One of the features that attracted the Kings to Westphal was that he talks a good game. In 2009, Sacramento had the opportunity to hire Tom Thibodeau; he interviewed with the team a couple times, and the front office found him brilliant but awkward. Westphal is a political man at heart -- he apparently counts Rush Limbaugh as a good friend -- and he knows how to spin everything in a positive fashion ... for his own sake. He said everything the Kings wanted to hear in 2009, and that was all the opposite of that which Reggie Theus (the previous hire) stood for: personal accountability, toughness, strong effort.

But Westphal's version of accountability doesn't fly. Nothing is ever this coach's fault. The team got blown out Saturday at home by the Knicks. Westphal's starting point guard Tyreke Evans told the media that the players are lost in the offense. Cousins indicated similar displeasure with the offense in front of the media. Reports indicate J.J. Hickson -- J.J. Hickson! -- warned Cousins not to talk about his issues in front of tape recorders during the session. So Cousins takes it private with Westphal and ... gets suspended?

But hey, no one's talking about Evans' comments any more, are they? If only Westphal's in-game tactics were as sharp as the ones he employs on the media, the Kings might not be 51-118 under his watch.

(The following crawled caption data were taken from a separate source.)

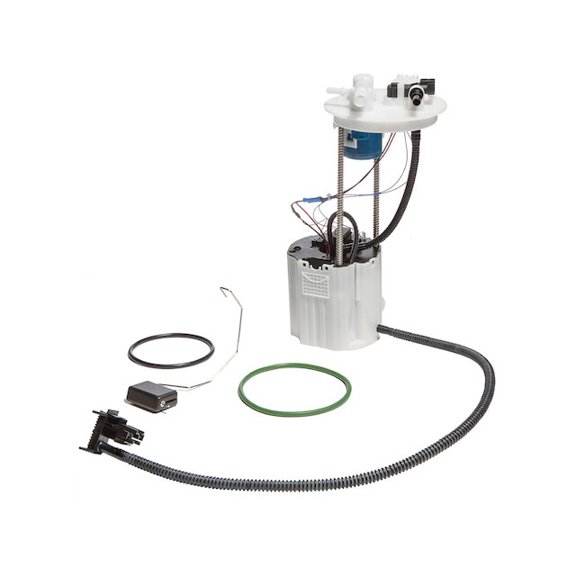 Right Fuel Pump Assembly 1 - Compatible with 2012 - 2017 Chevy Equinox Sport Utility 2.4L 4-Cylinder Gas 2013 2014 2015 2016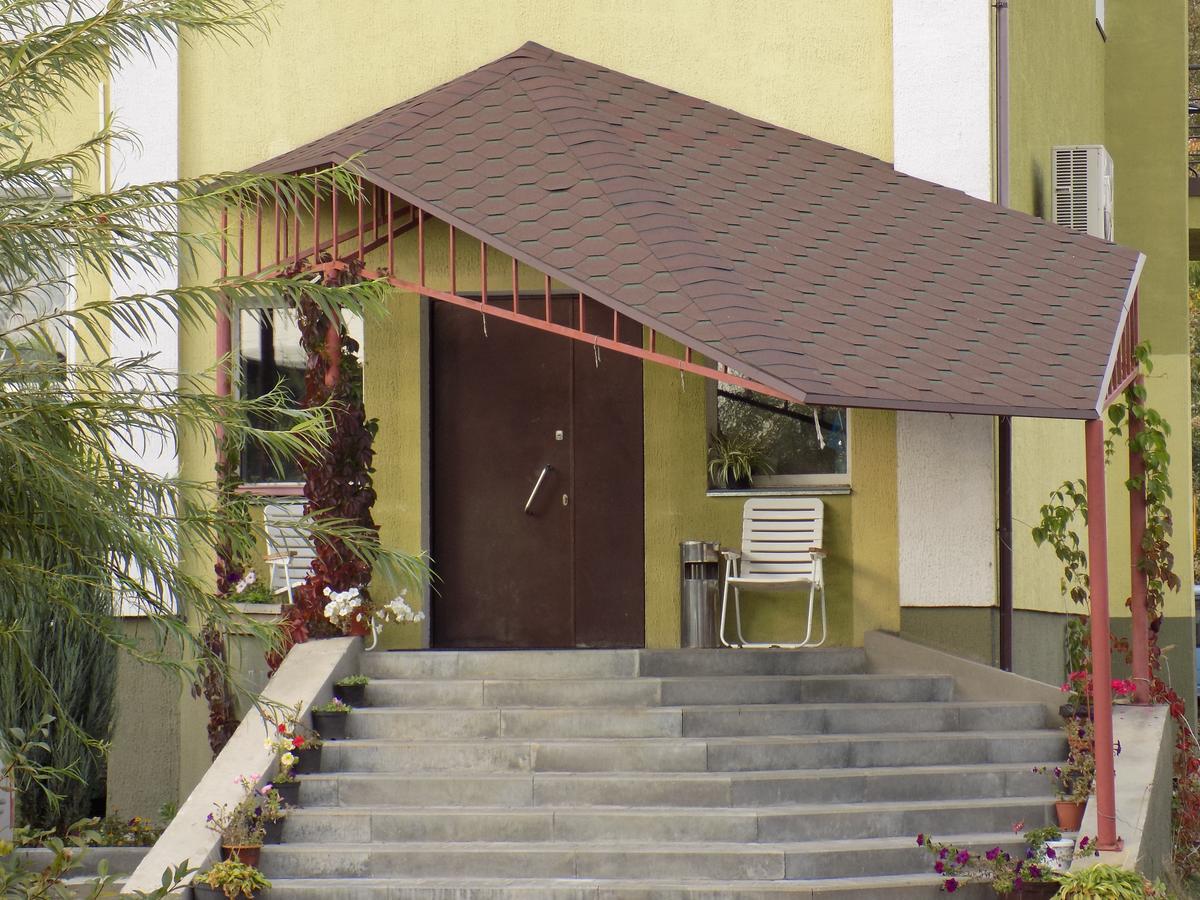 Hostel Geo Гомель Екстер'єр фото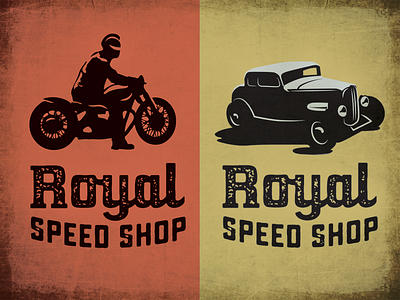 Royal Speed 5c 32 ford car hotrod motorcycle retro royal speed vintage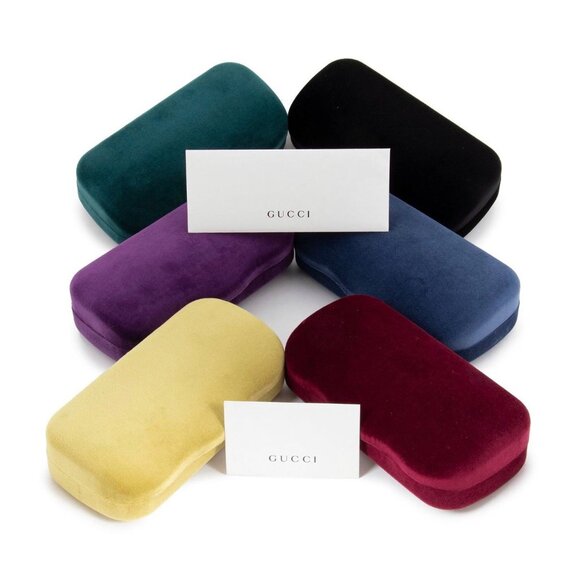 NWT GUCCI GG1549O - 001 EYEGLASSES - Picture 9 of 9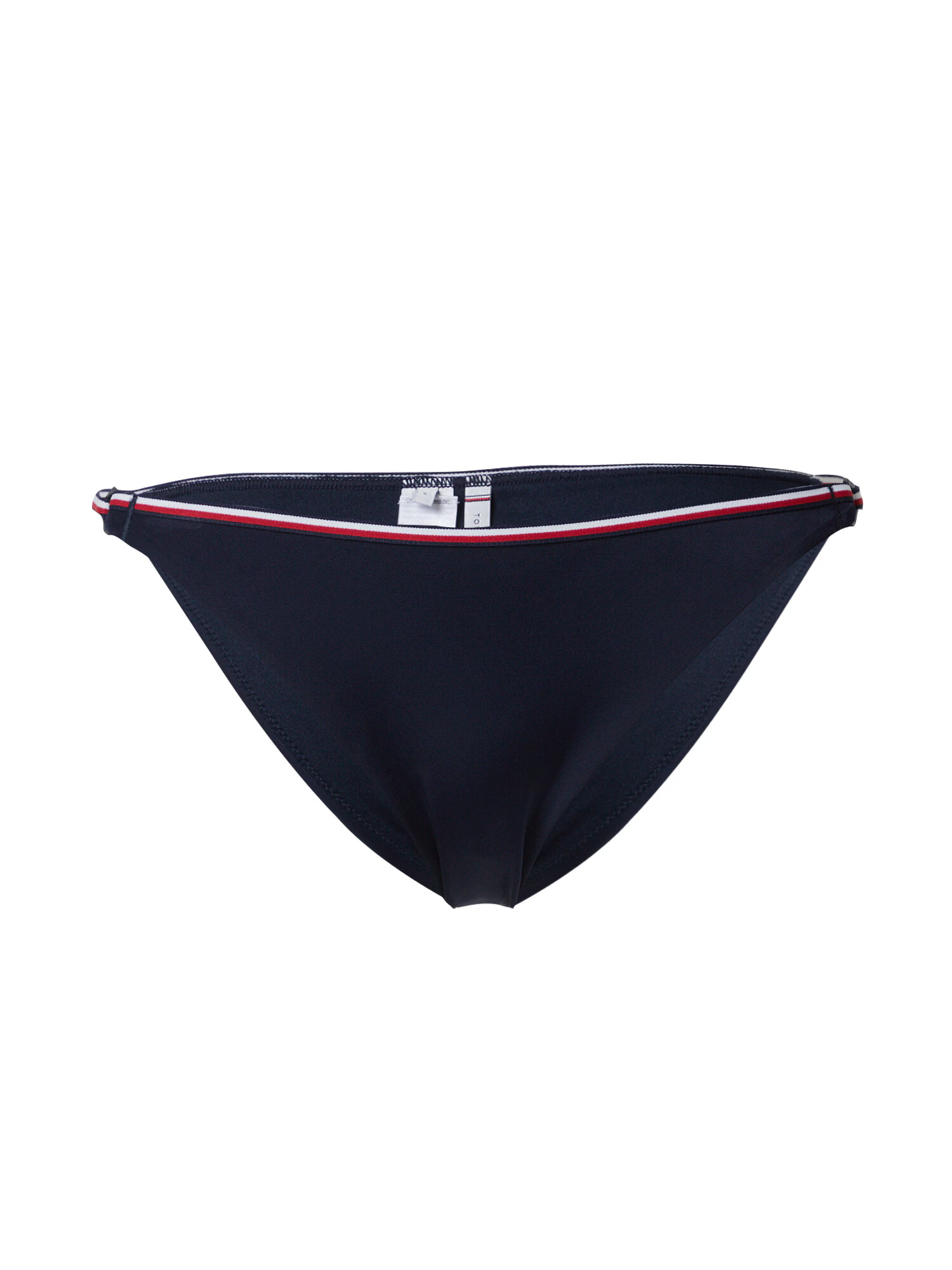 Tommy Hilfiger Underwear Slip costum de baie bleumarin / roșu / alb - Pled.ro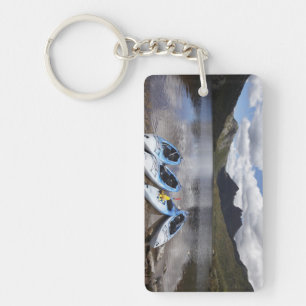 Porte-clés Kayaks, Cradle Mountain et Dove Lake, Cradle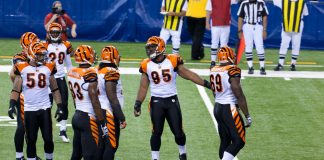 Bengals opens up fan engagement in Betfred partnership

Westphal told the media on Sunday that this was "the tip of the iceberg" when it comes to Cousins. OK, so if it's the tip of the iceberg, why was this the tipping point? Cousins' agent says that if the center did say "trade me!," it was in the context of something like, "If you think I'm such a problem, trade me!" Again: if that's the tip of the iceberg, if that's just an indication of the spectacular disruption Cousins causes ... why didn't you suspend him last week? Hell, why didn't you bench him last week? Why didn't you fine him last week? What made this so egregious?

When the Kings drafted Cousins, they knew he'd need strong, effective management from the coaching staff and front office to turn him into the star he can become. But the Kings, broke as a sand salesman in the Sahara, stuck with Westphal, the lowest-paid, least sought-after head coach in the NBA, and hired Cousins' high school coach as an assistant, hoping some level of familiarity would help Cousins' transition. (That assistant coach left as soon as the 2010-11 season ended.) When that didn't work, Westphal began trying to shame Cousins in public ... because that worked so well in Seattle with Payton.

You can't put a two-cent bandage on a $100 wound and expect things to work out. It's time for better dressing before Cousins' career moves to a much darker trajectory. The Kings have to commit to the proper development -- emotional and otherwise -- of a great young prospect instead of the whims of a middle-aged egomaniac.